World Athletics just named David Rudisha’s 800m run at the 2012 Olympics as the moment of the decade. Here is a story I had written just after watching his run.
Eighty thousand spectators at the London Olympic Stadium and millions of others watching TV screens at various places across the world witnessed a spectacular 800m race. The start gun went off. Seeming to take advantage of his long strides, David Rudisha immediately stepped ahead of his competitors and effortlessly continued to open a gap crossing the first lap in 49 seconds.
Within 1 minute and 40 seconds, it was over! An Olympic Gold medal had been won, and a world record smashed. The significance of what just happened, to me, appeared too much to have all happened too quickly. Like everyone else, I agree that it was a result of hard training and progressive runs over many years. But, for now, I am only thinking about what this victory means for David Rudisha, Kenya, his community, and his coach, among others.
First, Rudisha's performance brought glory to his nation and saved it from what would have been a worse scenario at the Olympics. Apart from the men's 3000m steeplechase, the results of the other events where Kenyans had a lot of hopes to win gold medals had been below their expectations.
These included the women's marathon, the men's and women's 10000m, women's 3000m steeplechase and the most disappointing of them all, the men's 1500m. Rudisha's performance brought back some morale to the Kenyan team and helped put Kenya's name where it rightfully belongs as far as the middle distance running is concerned.

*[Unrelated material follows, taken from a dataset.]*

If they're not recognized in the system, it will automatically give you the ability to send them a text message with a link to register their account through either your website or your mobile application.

Second, Rudisha's performance put his Maasai community on the world map, which may end up bringing investors and organizations that will help improve the livelihoods of the populace there. A charity organization based in the UK, being supported by Richard Branson's Virgin Unite Organization, is now seeking to have Rudisha as one of their ambassadors to promote their initiative of providing free education, sponsoring more teachers and building more teaching facilities for the children in the local community that appear marginalized around the Maasai Mara.
This organization has been working in the area for some years now and it feels that David Rudisha's image will inspire the Maasai children and signify to the world the potential of a Maasai child when he gets the means to pursue his/her dreams.

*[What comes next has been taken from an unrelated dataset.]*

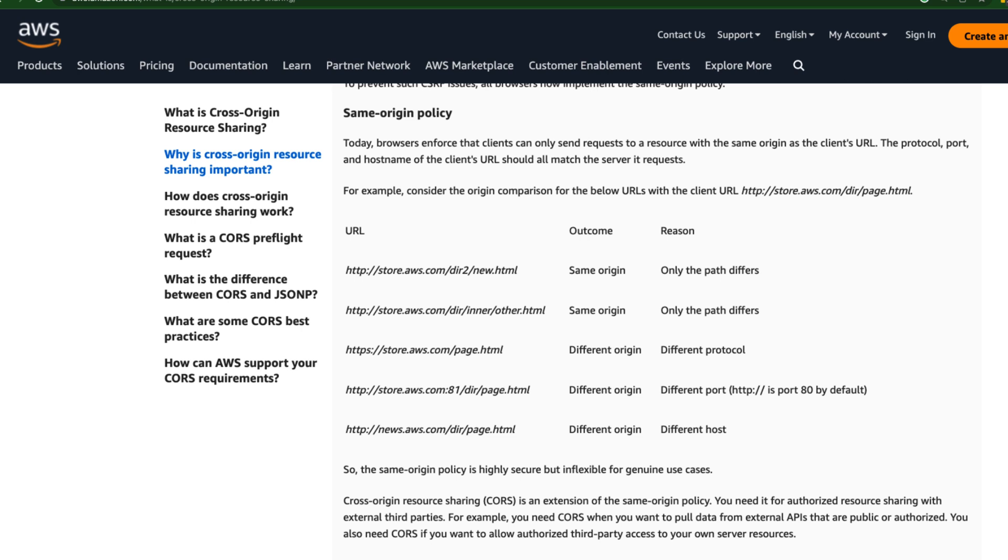Today browsers enforce that a particular client can only send a request to a resource with the same origin as the client's URL.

Third, David Rudisha is now a role model and will influence and shape the character and determinations of many other young people. I spoke with Brother Colm O'Connel, his coach, sometime in 2010 and he told me the secrets behind his success, besides his natural talent and unique running technique.

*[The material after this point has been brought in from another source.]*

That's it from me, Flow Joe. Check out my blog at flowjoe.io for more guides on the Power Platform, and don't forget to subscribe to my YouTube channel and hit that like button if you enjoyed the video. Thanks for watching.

It all lies in his discipline. David Rudisha is focused on what he wants to achieve, he is fully committed to his training and is willing to sacrifice many pleasures to make sure that his training is his first priority.
Fourth, the Irish priest who has helped mold and train a number of Kenya's Olympic Gold Medalists and world record holders that include Peter Rono and Wilson Kipketer, among others, but prefers to keep a low profile, has again been brought to light by Rudisha's performance.
Brother Colm has been training young Kenyan athletes at St. Patrick's High School in Iten from 1976. He must be one of the most experienced coaches in this world and is worthy of special recognition.
Fifth, from the money he will begin to earn from brand endorsements, contracts from cloth's manufacturers, and appearance money in races, the financial status of Rudisha will change for the better.
Sixth, Rudisha is now irrevocably a legend. With his status, he will be able to have a say in affairs to do with international running. He will be a guest of honor at various functions, regardless of whether they are related to running or not. He now stands a better chance of holding one of the biggest offices in the IAAF upon retiring from competitive running. His life is changed forever and doors are open for him everywhere.
What I have written might just be the tip of the iceberg of all that really happened within 1 minute, 40 seconds and 91 micro-seconds! I am sure that this performance means a lot more than anyone of us might be able to imagine.